Herrera‐Cruz, Mariana, Abraham, Solana, Nuñez‐Beverido, Nicolas, Flores‐Estévez, Norma, Reyes‐Hernández, Martha, Alvarado, Mayvi, Pérez‐Staples, Diana
Insect science 2018 v.25 no.4 pp. 703-711
Anastrepha ludens, bioactive properties, females, insects, males, mass rearing, protein content, proteins, reproductive success, spermatozoa, sterile insect technique, testes, viability
Aging in all organisms is inevitable. Male age can have profound effects on mating success and female reproduction, yet relatively little is known on the effects of male age on different components of the ejaculate.
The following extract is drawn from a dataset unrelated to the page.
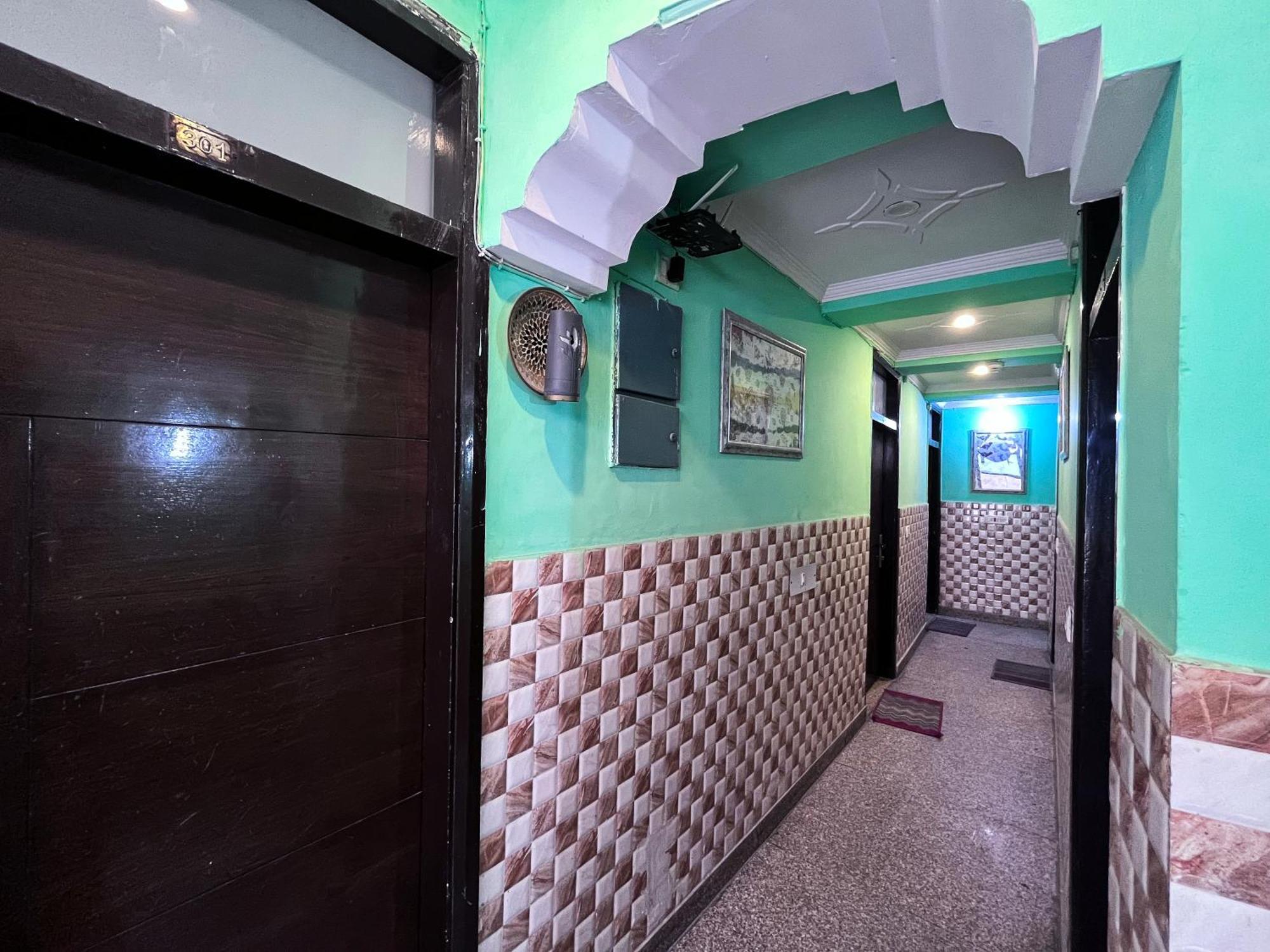 Hotel Darpan Palace -New Delhi Railway Station Экстерьер фото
Furthermore, in mass‐reared insects used for the Sterile Insect Technique, there are often behavioral differences between mass‐reared and wild males, while differences in the ejaculate have been less studied. The ejaculate in insects is composed mainly of sperm and accessory gland proteins. Here, we studied how male age and strain affected (i) protein quantity of testes and accessory glands, (ii) the biological activity of accessory gland products injected into females, (iii) sperm viability, and (iv) sperm quantity stored by females in wild and mass‐reared Anastrepha ludens (Diptera: Tephritidae). We found lower protein content in testes of old wild males and lower sperm viability in females mated with old wild males. Females stored more sperm when mated to young wild males than with young mass‐reared males. Accessory gland injections of old or young males did not inhibit female remating. Knowledge of how male age affects different ejaculate components will aid our understanding on investment of the ejaculate and possible postcopulatory consequences on female behavior.